──────── MATERIAL PROVIDED
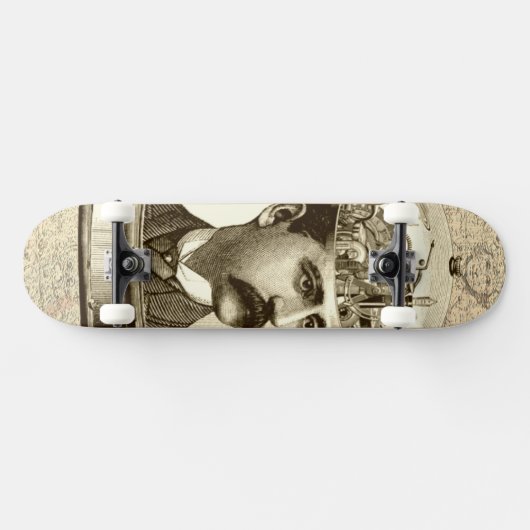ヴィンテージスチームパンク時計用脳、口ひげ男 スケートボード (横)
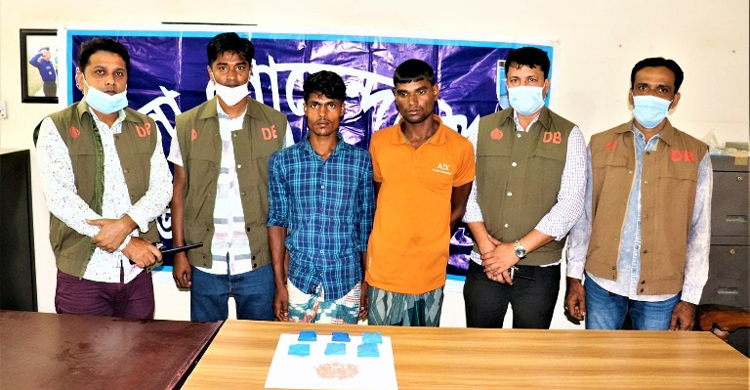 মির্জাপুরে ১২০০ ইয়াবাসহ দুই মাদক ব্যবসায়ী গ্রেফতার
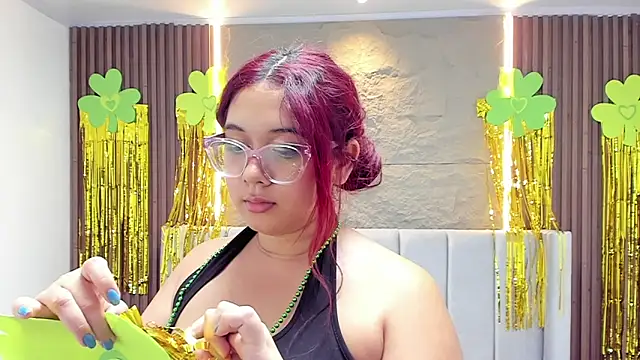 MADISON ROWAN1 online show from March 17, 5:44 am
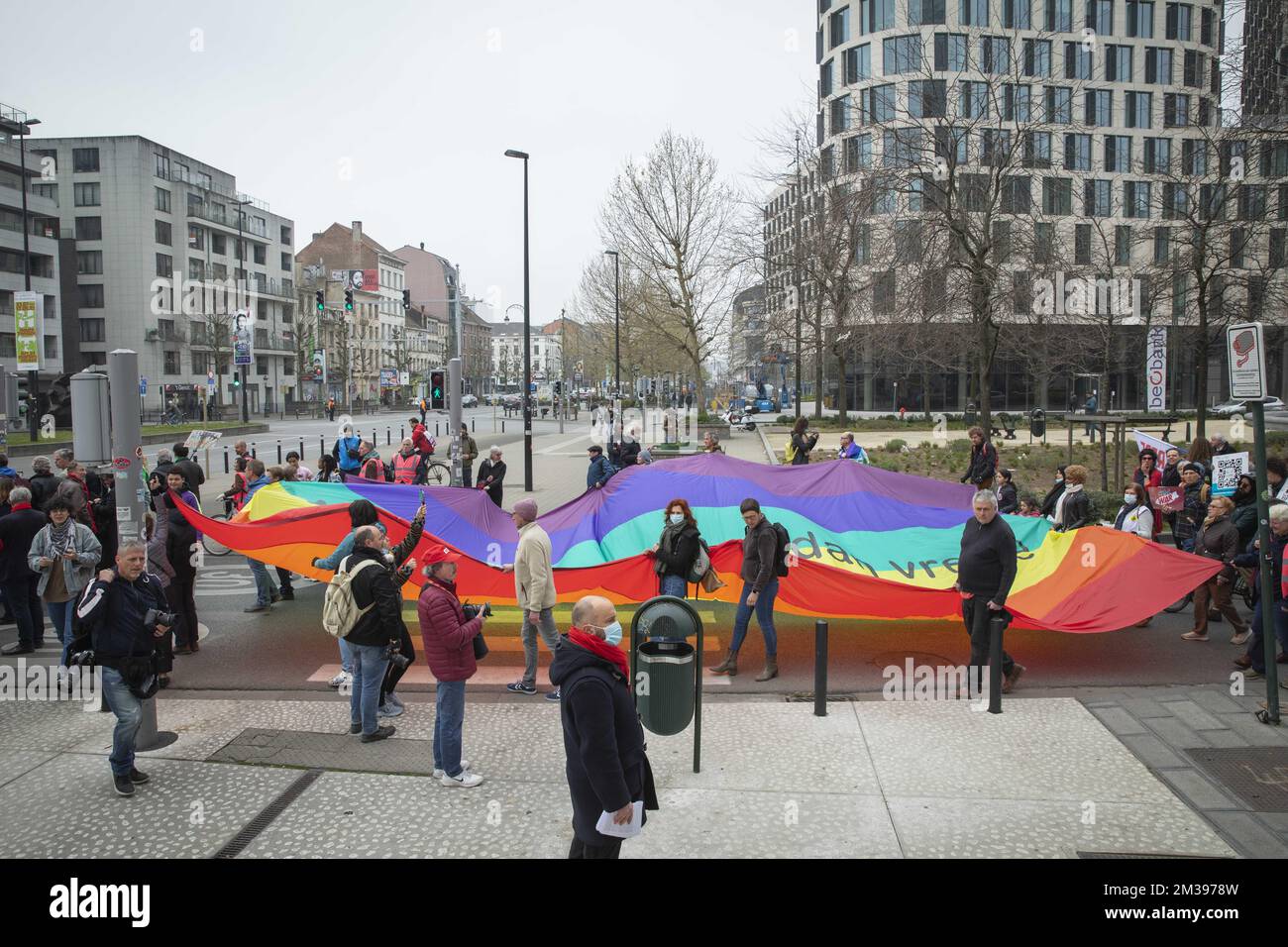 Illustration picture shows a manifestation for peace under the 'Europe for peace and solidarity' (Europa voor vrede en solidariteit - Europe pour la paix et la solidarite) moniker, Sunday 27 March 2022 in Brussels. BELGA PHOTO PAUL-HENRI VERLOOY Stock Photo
────────────────
──────── MATERIAL PROVIDED
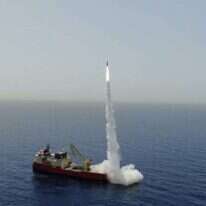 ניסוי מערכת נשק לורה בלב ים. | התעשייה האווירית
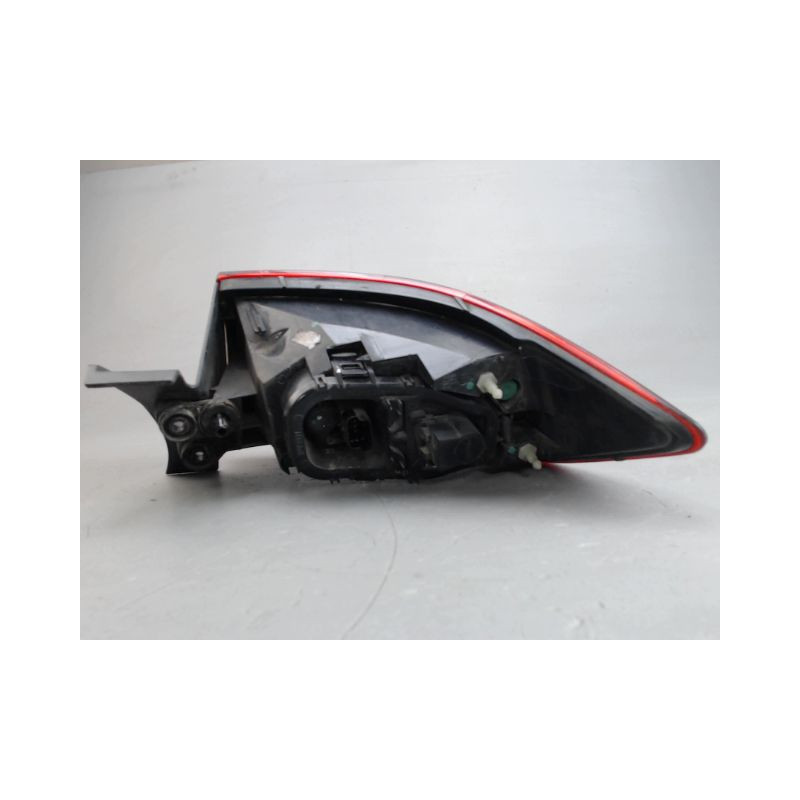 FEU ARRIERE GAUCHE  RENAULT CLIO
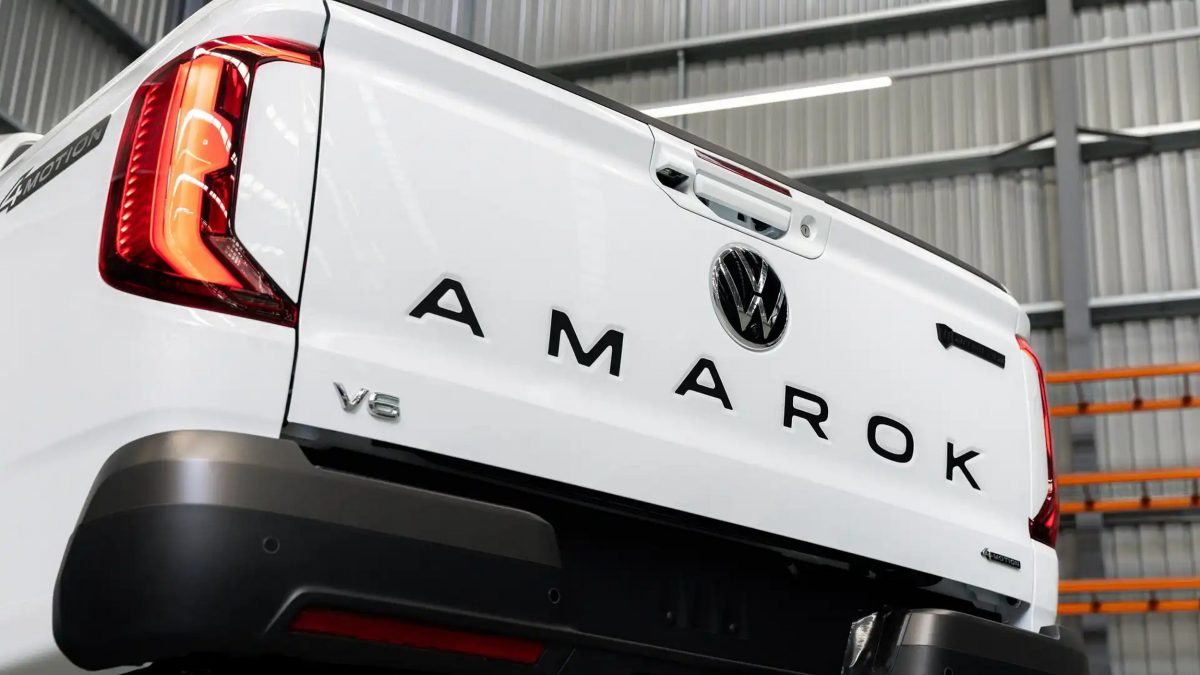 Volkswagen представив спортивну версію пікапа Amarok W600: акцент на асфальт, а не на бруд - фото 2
────────────────
WHAT YOU WILL DO:
Nothing except the lines from the one containing "ヴィンテージスチームパンク時計用脳、口ひげ男 スケートボード (横)" through the one containing "Illustration picture shows" should appear in the answer, exactly as above and without pictures.

EXERCISE RESULT:
ヴィンテージスチームパンク時計用脳、口ひげ男 スケートボード (横)
 মির্জাপুরে ১২০০ ইয়াবাসহ দুই মাদক ব্যবসায়ী গ্রেফতার
 MADISON ROWAN1 online show from March 17, 5:44 am
 Illustration picture shows a manifestation for peace under the 'Europe for peace and solidarity' (Europa voor vrede en solidariteit - Europe pour la paix et la solidarite) moniker, Sunday 27 March 2022 in Brussels. BELGA PHOTO PAUL-HENRI VERLOOY Stock Photo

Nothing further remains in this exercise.